Die Namensgebung ist gleichzeitig ein klares Zeichen, worauf es dem Weingut ankommt. Bei all ihrem Handeln geht es Matthias Höfflin und seiner Familie um den Rohgeschmack des Weins. Darum, wie eine Rebsorte schmeckt, nicht etwa eine Zuchthefe. Es geht um den Bodengeschmack, den der Rebstock in die Trauben bringt. Um eine ganzheitliche Natürlichkeit. Wenn alle „Natural-Orange-Weine“ so schmecken würden wie seine, die Anhängerschaft wäre um ein Vielfaches größer!
„In einer Weinbeere steckt alles drin, um guten Wein zu bekommen“, ist sein einfaches Mantra. „Wenn du einen Wein trinkst müssen die Glückslampen angehen.“ Das schaffen nicht nur seine Weine, das schafft auch er mit einer begeisternden Art. Für ihn ist es entscheidend auch selbst geerdet zu sein und „sich auf seine Sinne zu konzentrieren.“ Es geht ihm nicht primär um Frucht, er will den Charakter des Weins herauskitzeln.

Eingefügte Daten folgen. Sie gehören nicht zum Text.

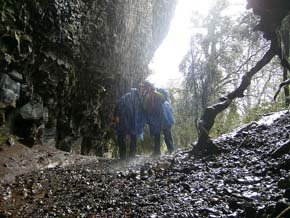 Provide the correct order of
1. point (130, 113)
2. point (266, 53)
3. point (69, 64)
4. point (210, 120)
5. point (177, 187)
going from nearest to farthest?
1. point (177, 187)
2. point (266, 53)
3. point (210, 120)
4. point (130, 113)
5. point (69, 64)

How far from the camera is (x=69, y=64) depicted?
12.0m

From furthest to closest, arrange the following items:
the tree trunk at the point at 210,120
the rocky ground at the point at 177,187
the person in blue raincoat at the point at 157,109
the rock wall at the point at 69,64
Result: 1. the person in blue raincoat at the point at 157,109
2. the rock wall at the point at 69,64
3. the tree trunk at the point at 210,120
4. the rocky ground at the point at 177,187

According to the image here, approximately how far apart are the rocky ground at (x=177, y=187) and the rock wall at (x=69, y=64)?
2865 millimetres

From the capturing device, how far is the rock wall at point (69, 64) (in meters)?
9.06

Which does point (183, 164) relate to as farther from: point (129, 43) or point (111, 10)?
point (129, 43)

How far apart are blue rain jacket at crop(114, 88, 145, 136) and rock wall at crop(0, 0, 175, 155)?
8.05ft

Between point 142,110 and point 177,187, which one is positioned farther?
point 142,110

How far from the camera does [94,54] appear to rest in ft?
45.6

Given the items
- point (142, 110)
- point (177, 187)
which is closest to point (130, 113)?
point (142, 110)

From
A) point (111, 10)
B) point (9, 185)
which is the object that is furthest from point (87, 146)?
point (9, 185)

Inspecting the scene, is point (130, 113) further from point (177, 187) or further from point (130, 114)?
point (177, 187)

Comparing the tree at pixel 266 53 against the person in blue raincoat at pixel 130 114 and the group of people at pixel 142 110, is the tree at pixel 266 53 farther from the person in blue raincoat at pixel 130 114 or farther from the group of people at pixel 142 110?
the person in blue raincoat at pixel 130 114

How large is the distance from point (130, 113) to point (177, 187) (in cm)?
436

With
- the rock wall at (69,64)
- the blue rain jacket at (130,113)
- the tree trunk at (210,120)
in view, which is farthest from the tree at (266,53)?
the rock wall at (69,64) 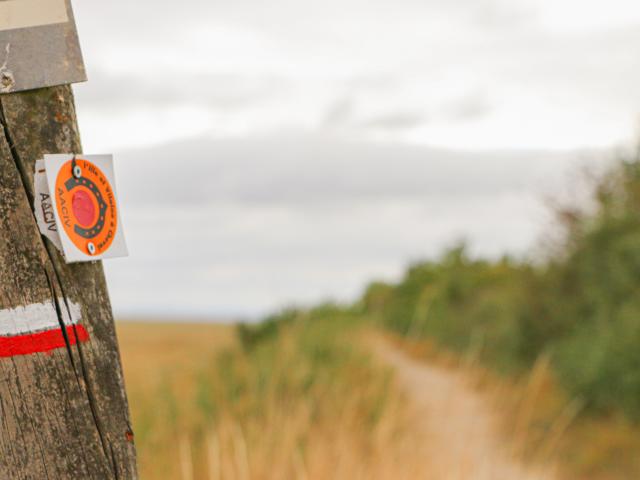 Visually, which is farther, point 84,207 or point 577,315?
point 577,315

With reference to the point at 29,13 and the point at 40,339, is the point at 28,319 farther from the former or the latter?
the point at 29,13

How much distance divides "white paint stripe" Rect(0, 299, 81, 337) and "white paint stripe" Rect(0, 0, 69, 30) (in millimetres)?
668

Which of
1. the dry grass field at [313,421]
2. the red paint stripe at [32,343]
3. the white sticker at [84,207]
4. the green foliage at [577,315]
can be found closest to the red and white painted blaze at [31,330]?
the red paint stripe at [32,343]

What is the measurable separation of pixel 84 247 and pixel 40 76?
1.38 feet

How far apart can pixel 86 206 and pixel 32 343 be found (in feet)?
1.11

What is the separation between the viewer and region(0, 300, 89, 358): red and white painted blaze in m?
1.94

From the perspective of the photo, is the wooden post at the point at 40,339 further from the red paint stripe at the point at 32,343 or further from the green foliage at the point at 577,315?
the green foliage at the point at 577,315

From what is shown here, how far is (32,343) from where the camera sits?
1.95 meters

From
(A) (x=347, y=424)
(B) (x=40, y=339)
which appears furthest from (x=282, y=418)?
(B) (x=40, y=339)

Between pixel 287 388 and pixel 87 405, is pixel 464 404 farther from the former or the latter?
pixel 87 405

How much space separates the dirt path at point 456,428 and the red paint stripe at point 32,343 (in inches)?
148

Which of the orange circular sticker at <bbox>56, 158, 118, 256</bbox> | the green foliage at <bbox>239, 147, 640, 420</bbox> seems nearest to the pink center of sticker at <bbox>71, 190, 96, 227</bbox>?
the orange circular sticker at <bbox>56, 158, 118, 256</bbox>

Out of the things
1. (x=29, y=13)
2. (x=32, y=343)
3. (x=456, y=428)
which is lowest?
(x=456, y=428)

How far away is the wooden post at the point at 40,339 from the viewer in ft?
6.35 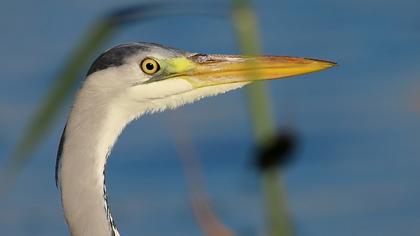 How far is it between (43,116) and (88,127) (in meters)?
2.66

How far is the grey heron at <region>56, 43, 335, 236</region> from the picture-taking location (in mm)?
4355

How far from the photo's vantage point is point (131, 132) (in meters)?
14.0

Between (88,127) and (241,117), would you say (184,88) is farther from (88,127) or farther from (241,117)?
(241,117)

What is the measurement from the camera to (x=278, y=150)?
1.65 metres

Dafür überlässt er auch die Weinwerdung der Natur, lässt die natürlichen Hefen die Gärung spontan aktivieren und gewährt der prägnantesten Hefe die weitere Prägung des Weins. Er arbeitet auch bei seinen Weißweinen mit Maischestandzeiten, denn „die Phenole in den Schalen sorgen für Körper und Fülle“, erzählt er weiter.
Dagmar und Patrick ergänzen seine Philosophie aus verschiedenen Perspektiven. Auch die anschließende Lagerung auf der Hefe tragen dazu bei, den Weinen Cremigkeit und Stabilität zu geben, ohne sie üppig zu machen. „Für die Gastro sind solche Weine ein großes Glück, denn sie fallen nicht nach zwei Tagen zusammen, werden nicht flach und schal wie die Zuchthefen-Weine“, ergänzt Patrick. Das die Weine mehr als stabil bleiben, sondern sich sogar geschmacklich öffnen und noch balancierter präsentieren zeigt ein erneutes Probieren nach drei Tagen.

Der dritte Wein ist ein Muskateller, etwas weniger Trocken und natürlich duftiger. Aber auch dieser Trendsorte gibt er eine Vielschichtigkeit mit, die sich mit jedem Glas und Tag sehr schön zeigt. Vino vier ist ein Pinot Noir aus dem Jahr 2014. Für den Spätburgunder wird der Kaiserstuhl langsam gefährlich warm. Darum haben Höfflins als Versuch und Zukunftsvision Nebbiolo gepflanzt, eine Spätburgunder-Bruder im Geiste. Dagmar fragt vorsichtig nach, ob auch der Sangiovese schon im den Bodenlöchern des einstigen Vulkanlands stecke. „Innere Qualität, Ehrlichkeit und Lagerfähigkeit“, will er seinen Weinen mit auf den Weg geben. Gelungen, kann man noch am Abend, nach den unterschiedlichen Jahrgängen und erst recht nach den geleerten Flaschen ein paar Tage später sagen.
Dass den Höfflins die Tiefe und Struktur ihrer Weine am Herzen liegt zeigen sie auch auf ihren Etiketten. Unter dem Mikroskop haben sie ihre Weine fotografiert. Und siehe da, jeder Wein hat einzigartige Kristallstrukturen. Aber wen wundert es, dass das Wunder Natur mit jedem Detail mit Schönheit fasziniert.

Man sollte die Weine auf dem Genussschirm haben. Und die Genussregion Büsum sowie die Alte Post und deren kommende Weintastings ebenfalls. Ende Januar geht es dort weiter. Dagmar und Patrick werden sicher wieder Entdeckungen auf den Schirm bringen.
Und für Matthias Höfflin steht nach dem Projekt Schwefel schon ein weiteres fest: Mal wieder einen Muskateller Süßwein machen, der auch mit wenig Alkohol alle Glückslampen anschießt.